Bütün bunlara ek olarak bazı medya organlarının ve politikacıların camilerin sayısının artmasını “Fransa’nın İslamlaşması” olarak yansıtması ve camileri terörist eylemlerin planlandığı merkezler olarak göstermesi, ülkede İslamofobiyi körüklemekte ve camilere yönelik saldırıların artmasına sebep olmaktadır. CCIF’nin 2015 yılında yayımladığı raporda yer alan verilere göre, Fransa’da aynı yıl yaklaşık 30 camiye saldırıda bulunulmuş ve camilerin kapıları kırılmış, camilerde yangın çıkarılmış, cami duvarlarına İslam karşıtı yazılar yazılmıştır.
Başörtüsü Meselesi
Fransa’da yaşayan Müslümanların dinî hak ve özgürlükler bakımından karşılaştığı en büyük sorunlardan biri başörtüsüyle ilgili uygulamalardır. Fransa’da başörtüsü sorunu 1989 yılında Creil’de üç Müslüman kız öğrencinin başörtülü olarak derslere katılmayı talep etmesiyle ortaya çıkmıştır. Kamuoyunda “Başörtü Vakası” (l’affaire du foulard de Creil) olarak bilinen olay, bu üç öğrencinin başörtülerini çıkartıp derslere girmesiyle geçici olarak çözülmüş görünse de aslında günümüze kadar devam eden başörtüsü tartışmalarının fitilini ateşlemiştir.
1994 yılı Eylül ayı itibarıyla Fransa’da başörtüsü takan kız öğrenci sayısı 700’e ulaşmış ve benzer vakalar sıklıkla yaşanır olmuştur. Creil’deki olaydan 14 yıl sonra, Katolik bir baba ve Yahudi bir annenin sonradan Müslüman olmuş liseye giden kızları Alma ve Lila Levy’nin başörtülü olarak derslere girmelerinin kabul edilmemesi üzerine, ülkedeki tartışmalar yeniden alevlenmiştir. Bu dönemde hem siyasilerin hem de medyanın desteğiyle eğitimde başörtüsüne karşı kampanya başlatılmış ve nihayetinde dönemin Fransa Cumhurbaşkanı Jacques Chirac’a bu konu hakkında sunulan raporun da etkisiyle 15 Mart 2004’te ilk ve orta dereceli okullarda dinî sembollerin kullanılması Ulusal Meclis’in aldığı kararla yasaklanmıştır.

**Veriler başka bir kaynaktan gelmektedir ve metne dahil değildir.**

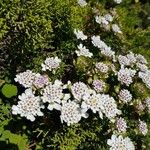 Iberis procumbens Fula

Emmanuel Macron’dan önceki Fransa Cumhurbaşkanı Nicolas Sarkozy döneminde de kamuoyunun “Burka Yasası” olarak nitelendirdiği kararla 2010 yılında kamuya açık alanlarda yüzü kapatan giysiler giyilmesi yasaklanmıştır. Söz konusu yasa, insan haklarını ihlal ettiği gerekçesiyle Avrupa İnsan Hakları Mahkemesi’ne (AİHM) taşınmış ancak AİHM yasanın Avrupa İnsan Hakları Sözleşmesi’ne uygun olduğuna hükmetmiştir. Son olarak öğrenci velilerinin okul gezilerine başörtülü şekilde katılmalarını yasaklayacak bir düzenleme yapılması konusu gündeme gelmiş ve Ekim 2020’de Fransız Senatosu’nda yapılan oylamayla 114 hayır oyuna karşılık 163 evet oyuyla söz konusu yasaklamanın da önünü açılmıştır.

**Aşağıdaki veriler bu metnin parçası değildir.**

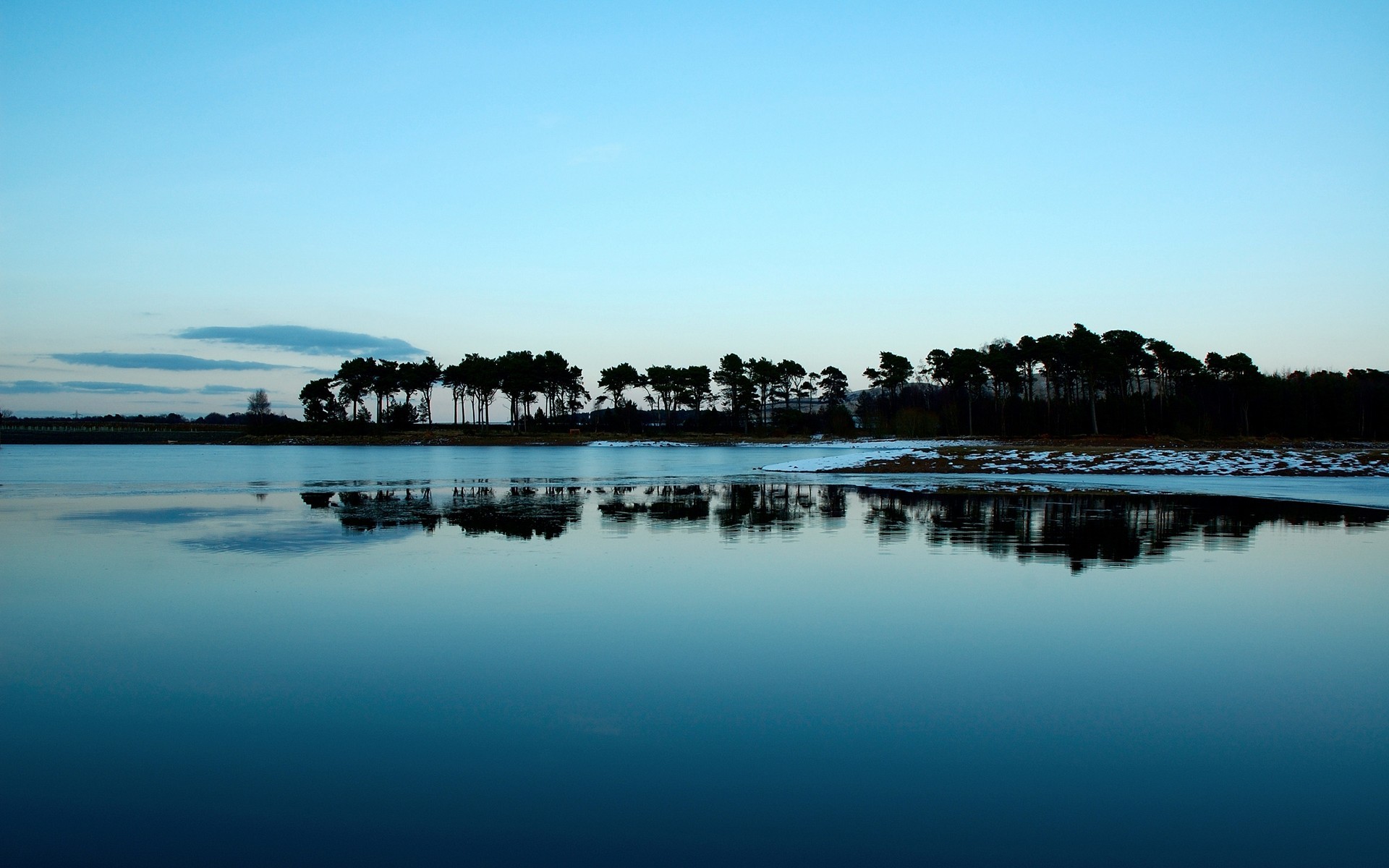 water tree island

Bugün Fransa’da başörtülü kadınlar hem 1989 yılında Creil’de başlayan süreç sonunda alınan karar sebebiyle hem de politikacıların ve medyanın yönlendirmeleriyle yoğun bir taciz, saldırı ve aşağılamaya maruz kalmaktadır. Bu tacizler çoğunlukla kamusal alanlarda yaşanmasına rağmen Müslüman kadınlar alışveriş merkezi, metro, otobüs, spor salonu, park gibi gündelik yaşam içindeki sıradan mekânlarda dahi sözlü ve fiziksel tacize ve şiddete maruz kalabilmektedir.

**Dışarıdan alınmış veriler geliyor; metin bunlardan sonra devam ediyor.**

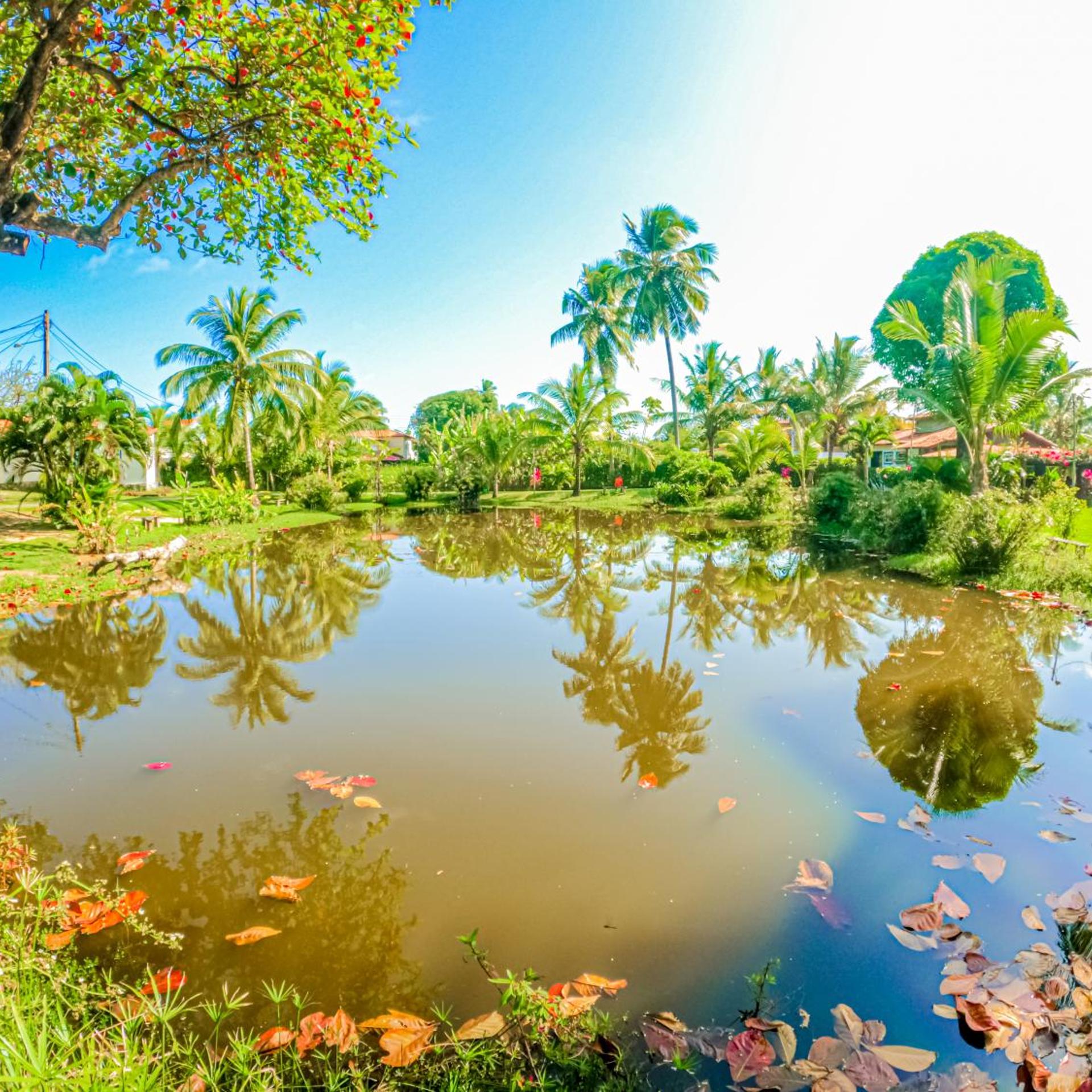 Alma Tropical Resort 45/50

2014 yılında yayımlanan CCIF raporuna göre, Fransa’daki İslamofobik davranışların %80’i kadınlara yönelik eylemlerdir ve bunlardaki ayırt edici unsur da çoğunlukla başörtüsüdür. Başörtüsü Fransa kamuoyunda cumhuriyet geleneğine ve Fransız kültürüne karşı bir tehdit olarak algılanmakta, Müslüman kadınların başörtüsünü kimliklerinin bir parçası olarak görmeleri kesinlikle dikkate alınmamaktadır.
Dinî Eğitimi
Hristiyan bir toplumda büyüyen Müslüman çocukların kimlik oluşumunda din eğitiminin önemi büyüktür. Fransa’da yaşayan Müslümanların dinî eğitim ihtiyaçları genellikle camiler ve bunların bağlı oldukları dernekler aracılığıyla karşılanmaktadır. İslami organizasyonların da oldukça aktif rol aldığı bu çalışmalar genellikle gönüllülük esasına dayanmaktadır. Fransa’da devlet okullarında din eğitiminin yasak olması, bu türden çalışmaların önemini artırmaktadır. AB ülkeleri arasında devlet okullarında din dersini müfredatına dâhil etmeyen tek ülke Fransa’dır. Tarih ve coğrafya derslerinde dinlerle ilgili genel tarihî bilgiler verilmesi dışında Fransa’da devlet okullarında din eğitimi verilmesi yasaktır. Bu yasak Almanya sınırındaki Alsas-Loren bölgesini ve özel okulları kapsamamaktadır. Fransız okullarının yaklaşık %20’si özeldir ve bu okulların da %90’ı Katolik Kilisesi tarafından idare edilmektedir. Fransa’da Müslümanlara ait İslami eğitim veren 90 civarında okul vardır ve bu sayı gün geçtikçe artmaktadır. Bu okullar, verecekleri dinî eğitim müfredatını ve eğitimcilerini seçme konusunda serbesttir. Ayrıca içlerinde ibadet yerlerinin de olduğu özel okullarda, 2004 yılında getirilen dinî semboller yasağı da uygulanmamaktadır.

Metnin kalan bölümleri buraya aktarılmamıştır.